I consider the Daily Show both, as do many others.


Yes VICE makes 100% of everything up. This is why even big news media outlets own a stake in it. Bush did 911 too.


BBC.com is FAR worse than Vice.


I kinda like the articles on Zero Hedge. Is there a reason people on HN don't seem to like it?


They're usually extremely misleading if not completely false. The headlines are all cherry-picked doom and gloom that appeals to the Infowars crowd.. There was a period during the GFC where their reporting was a bit more reflective of reality but it's completely jumped the shark since then. From someone who works in finance, ZH is complete garbage.


ZH was good in 2009. Then it slowly went downhill. It became an anti HFT/anti Fed site, then a gold-bug site, and now a pro Russia/China outlet.

Typical ZH logic: when gold goes up, it's the smart investors noticing the corruption of the "markets" and acting accordingly. When gold goes down, it's the HFTs and the Feds slamming it down because if it goes up it destroys the faith in the US Dollar. If it spikes up, it smart money doing a play. If it spikes down, it's blatant manipulation by someone without a "fiduciary duty" (ie: they imply that the seller doesn't care that he loses money because it sells quickly instead of working the order more slowly)


They've gone almost entirely anti-China in the last six months give or take. Here's a very extreme example from today:

http://www.zerohedge.com/news/2016-03-10/world-economy-wreck...


zerohedge.com has been banned on HN for years. This particular story was vouched for by established users, so we left it unkilled.

On HN we care about about the quality of the story, not the site. Of course, the two are related; sites are penalized or banned here according to the probability of their stories not being good based on past experience. But it's important to leave room for exceptions.


Wow! That's so 1984 of you.

I wonder if you can burn zerohedge at 451 degrees?


It's already penalized [1] and most submissions would get flagged anyway.

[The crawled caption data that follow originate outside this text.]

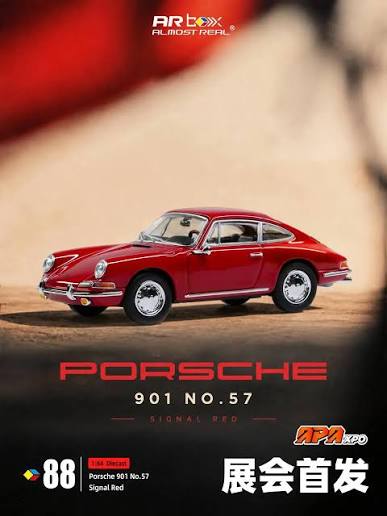 WhatsApp Image 2026-10-24 at 01.18.39 (1) (預訂 Pre Order) AR Box 1/64 Porsche 901 Signal Red (#54)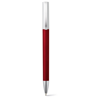 ELBE. Twist action ball pen with metal clip in blood-red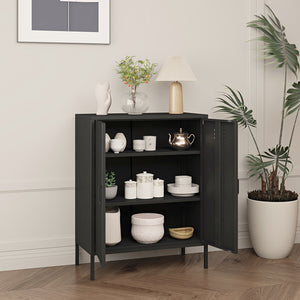 Szafa biurowa Pyhäranta metalowa [en.casa]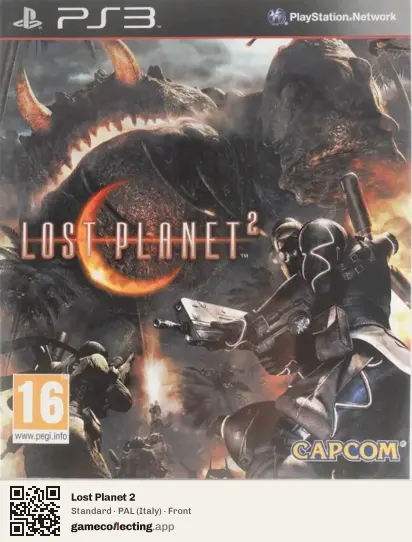 Lost Planet 2 PlayStation 3, Italy box front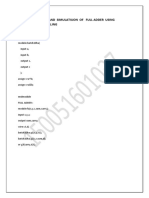 Design Synthesis and Simulatiuon of Full Adder Using Structural Modelling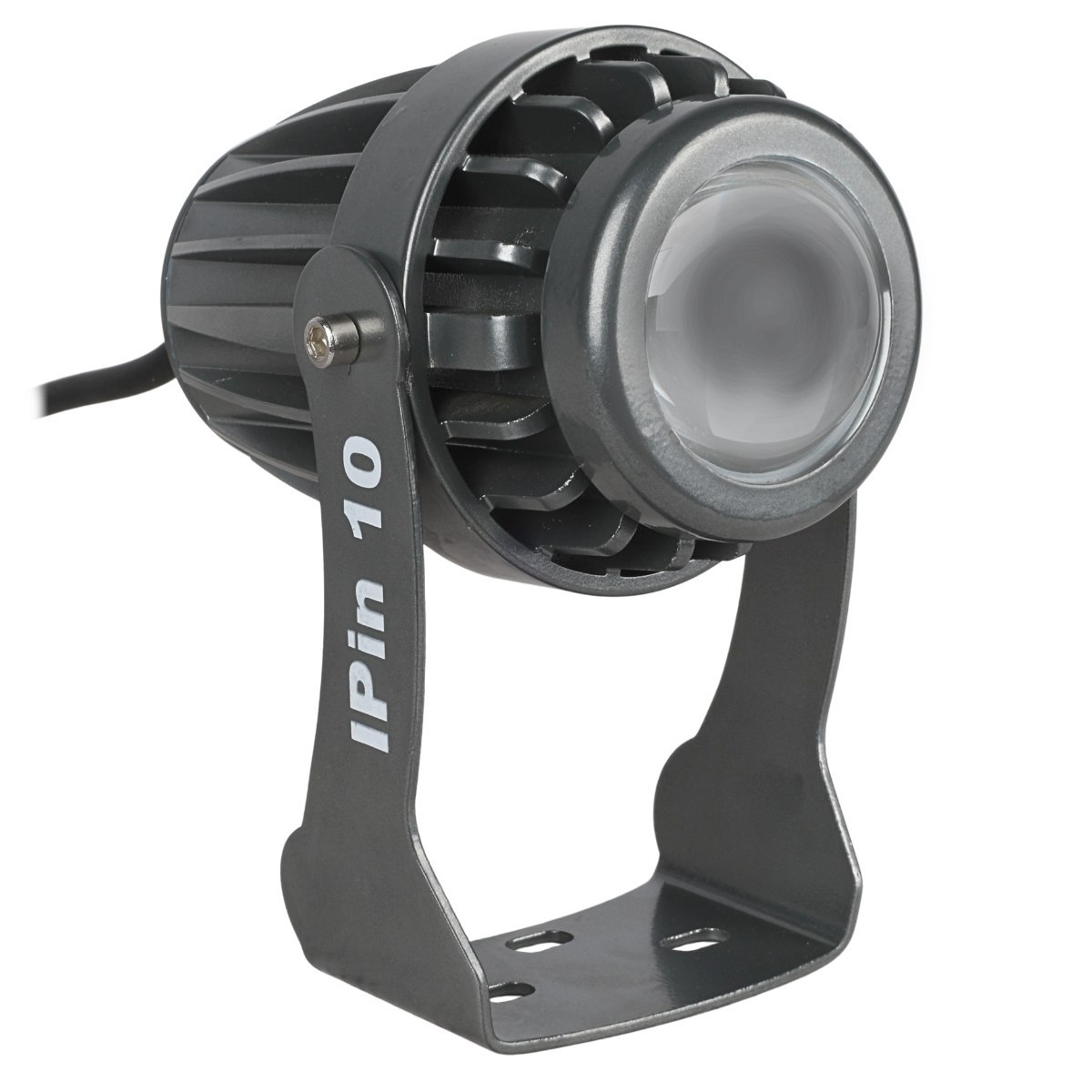 EVOLIGHTS IPin 10 reflektor sceniczny pinspot IP65 10W WW LED ciepła biel uchwyt montażowy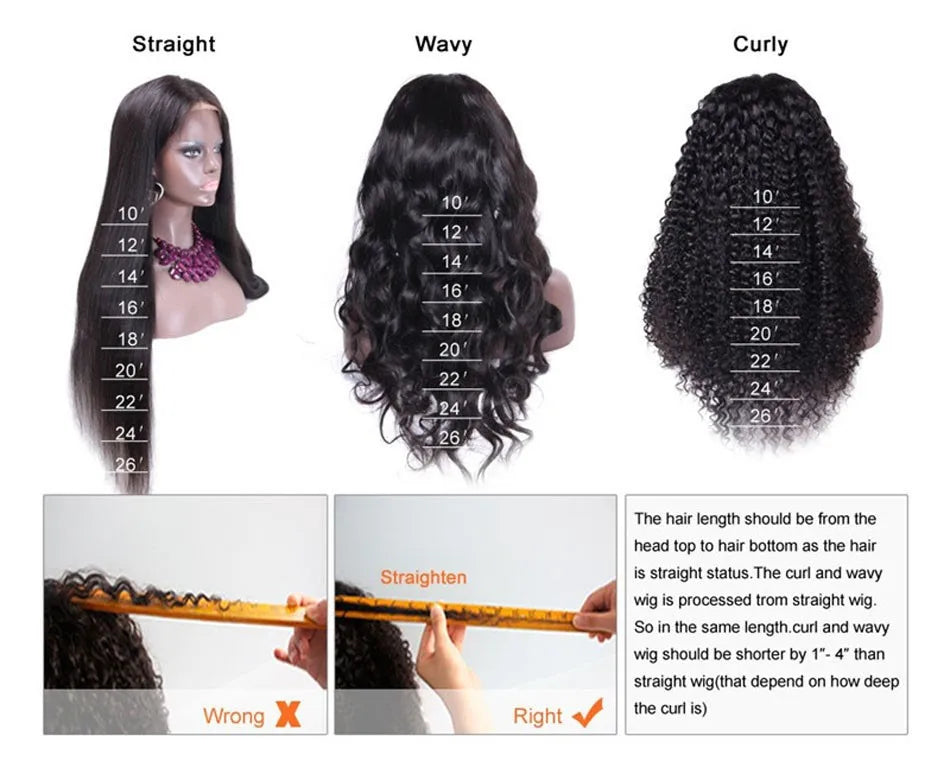 Wavy Pre-Cut Full Lace Wig for Men, Short Pixie, Transparent Lace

[1] https://news.ycombinator.com/item?id=11263530


Seconded.


I never tire of the quality reportage of Tyler Durden.


Misleading headline, given the first line of the piece is "The story of the theft of $100 million from the Bangladesh central bank"


Yeah the article's title is true but misleading.

They hacked the Bangladesh Central Bank, but stole money from the New York Fed. It is even debatable if the NY Fed is even at fault given that the hackers had legitimate credentials to make the transfer (the Bangladeshis are arguing that the NY Fed is still responsible because they should have flagged the Casinos as unusual and stopped it).

You'd think that with accounts as large as these they would have a "whitelist" of valid accounts to transfer funds to, and some long convoluted process to add additional whitelist entries.


In the context of the New York Fed transactions of tens of millions of dollars, as in this example, are essentially tiny.


The money was the Fed's money but it was stolen by hacking the Bangladesh CB. It is both true and misleading.


ZH hates the fed so I'm sure they're eager to imply that the fed is somehow at fault, even if doing so is a stretch. Notice all the non-value add editorial jabs at the fed sprinkled throughout the piece.


The money was held in the Fed.


"... by way of the New York Federal Reserve". That's ambiguous enough to make it not at all obvious what an accurate, neutral title would be. We're happy to have people suggest one, but don't have time to study this case.